The last picture was probably taken in a railway booth too. And chances are you didn’t realise at the time how borderline handsome you were then – a fact that has only become apparent now when that irretrievably vanished version of you is compared with the wreck that replaced it.

Anyway, for those reasons, and enforced as it was, my latest passport application should have been only half as disturbing as usual.

But, well, it so happens that the 2016 application coincides with a period when, after 30 years of wearing glasses, I am undergoing trials for laser eye surgery. This has involved temporary use of contact lenses, “monovision” lenses at that, whereby one eye is corrected for distance and the other for reading.

Picture

I need to try this for a while to see if my brain can cope with it. And until then, of course, I still wear glasses some of the time. But since the plan is to dispense with them soon, I reasoned that a new passport picture should not have them either.

In the meantime, unfortunately, I am still at the stage of feeling a bit weird, and naked, in my un-bespectacled state. And even at the best of times, I can struggle to achieve a relaxed facial expression for the camera.

So in the photo booth the other day, between staring at an unrecognisable figure in the mirror, and being warned by a humourless automated voice not to smile, blink, make faces, or do any of the other things that would disqualify the result from passport use, I was even more than usually tense.
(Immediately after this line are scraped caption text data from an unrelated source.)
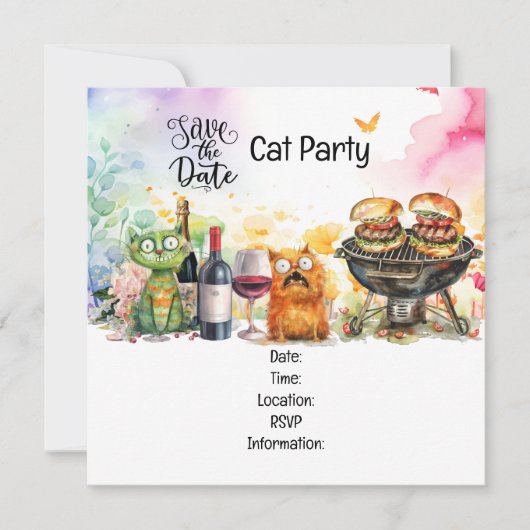 Kat Purr-fect Bijzondere Kattenfeestje Kaart (Voorkant)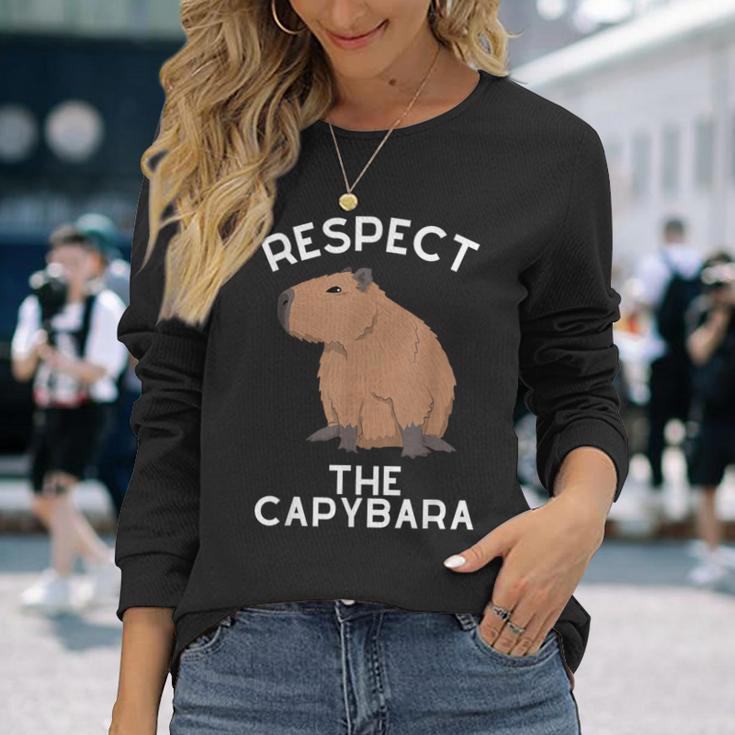 Respect The Capybara げっ歯類好き カピバラ アニマルジョーク 長袖Tシャツ 彼女への贈り物
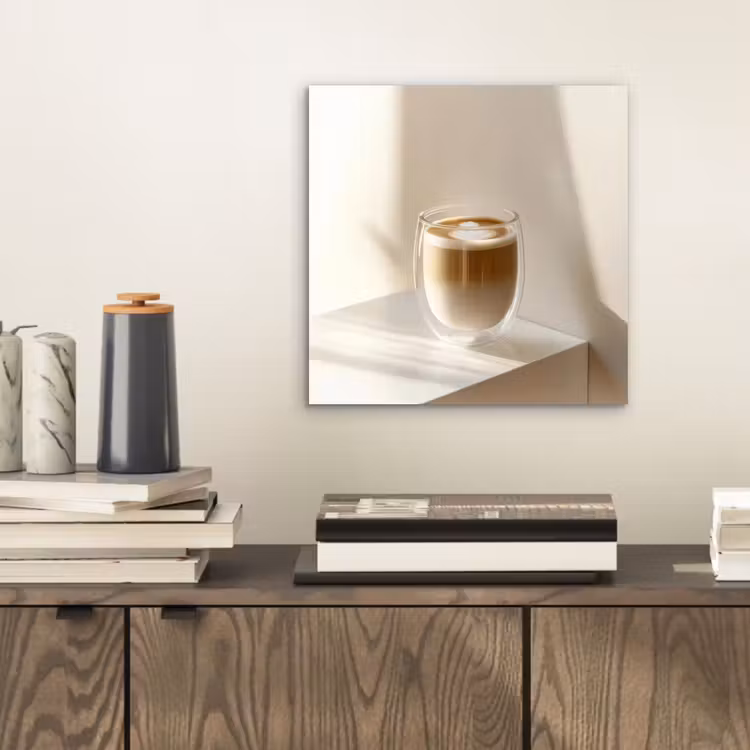 Aluminium schilderij - Mok - Latte - Minimalistisch - Schaduw — 2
Consequently, when they first €6 worth of pictures was printed, they made me look, not so much like a deer in car headlights, as the same deer, after the accident, and mounted on a wall plaque.

Set

Uttering an involuntary cry of pain, I shredded them on the spot. And other €6 later, I nearly shredded a second set too. But I persuaded myself that a third take was unlikely to improve the situation much. So with a deep sigh, and pending my imminent return to France for Euro 2016, I have since surrendered the pictures to the emergency counter of the passport office.

Passports as we know them, by the way, are barely a century old. They were yet another consequence of the first World War. And as introduced in the 1920s, when they included verbal descriptions of a person’s appearance, many people found them “dehumanising”.

I sensed what this felt like in a Strasbourg police station last month, while reporting my passport's possible theft. For some reason, the officer had to give a physical description of me, including an estimate of my weight, or "corpulence", as they say in French.

He accompanied the word by giving me a quick look-over. And it was disconcerting to have my corpulence thus assessed, even if he declared it "normale" .

Expressive

But then French and English are full of common words whose usage has diverged. In my signed statement, for example, I noticed I did not merely complain of the loss of my valuables. What I did was “

d

éplore

” it, which sounds much more expressive.

In like vein, I also deplore the loss of the relative youth I enjoyed in my previous passport photo.

And I deplore having to live with the consequences of the new picture for 10 years. Even so, I’ll get used to it. There may even come a time when that likeness too is a cause for nostalgia, after the ultimate thief has made off with it.